Given data:
*** Block opens ***

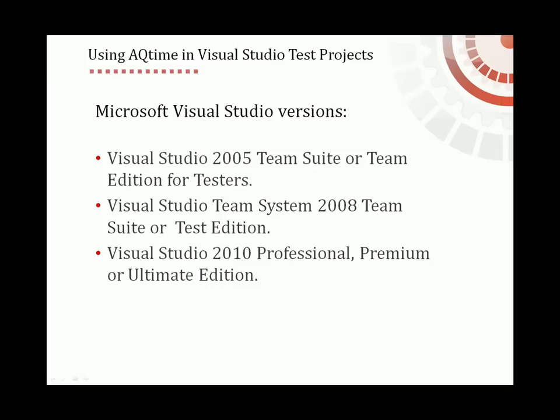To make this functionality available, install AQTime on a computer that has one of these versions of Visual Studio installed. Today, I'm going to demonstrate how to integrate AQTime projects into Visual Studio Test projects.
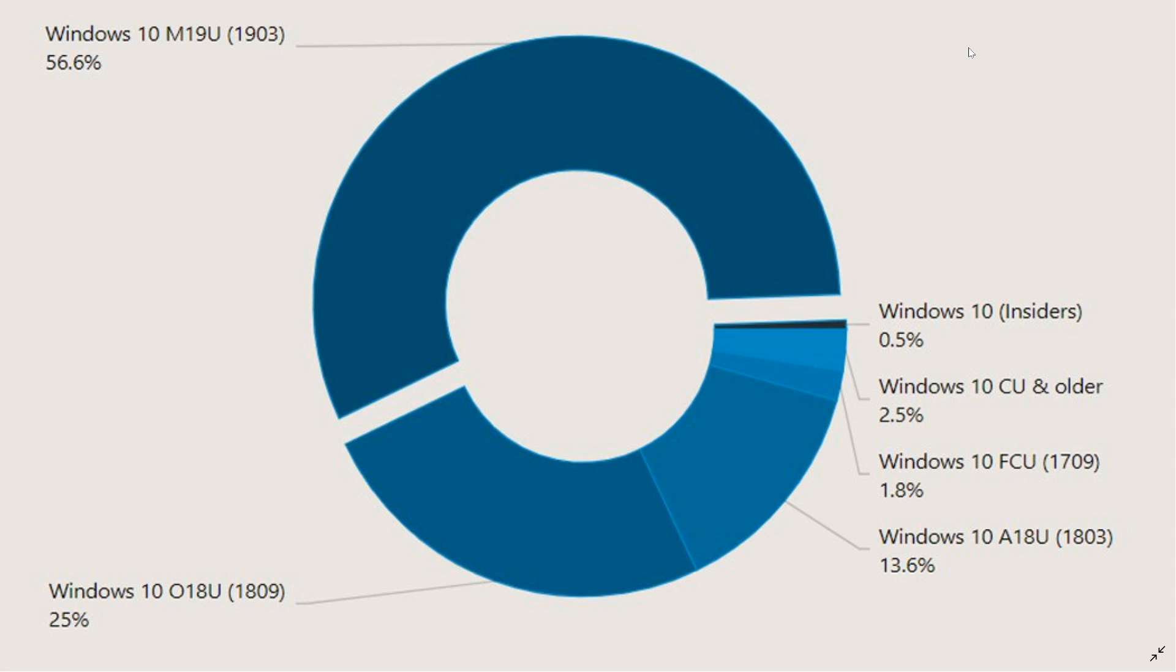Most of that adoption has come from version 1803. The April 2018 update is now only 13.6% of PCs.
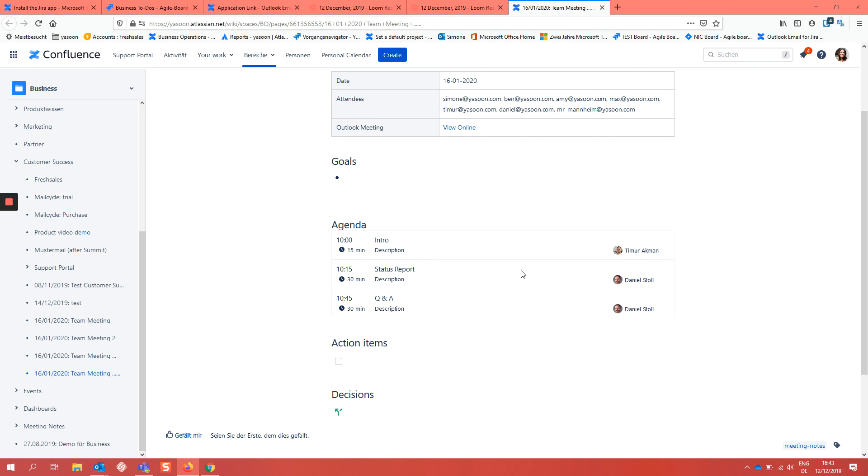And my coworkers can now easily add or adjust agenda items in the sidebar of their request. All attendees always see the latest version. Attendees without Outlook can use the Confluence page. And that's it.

*** Block closes ***

Omit all images when repeating the data above exactly.

Exercise answer:
To make this functionality available, install AQTime on a computer that has one of these versions of Visual Studio installed. Today, I'm going to demonstrate how to integrate AQTime projects into Visual Studio Test projects.
Most of that adoption has come from version 1803. The April 2018 update is now only 13.6% of PCs.
And my coworkers can now easily add or adjust agenda items in the sidebar of their request. All attendees always see the latest version. Attendees without Outlook can use the Confluence page. And that's it.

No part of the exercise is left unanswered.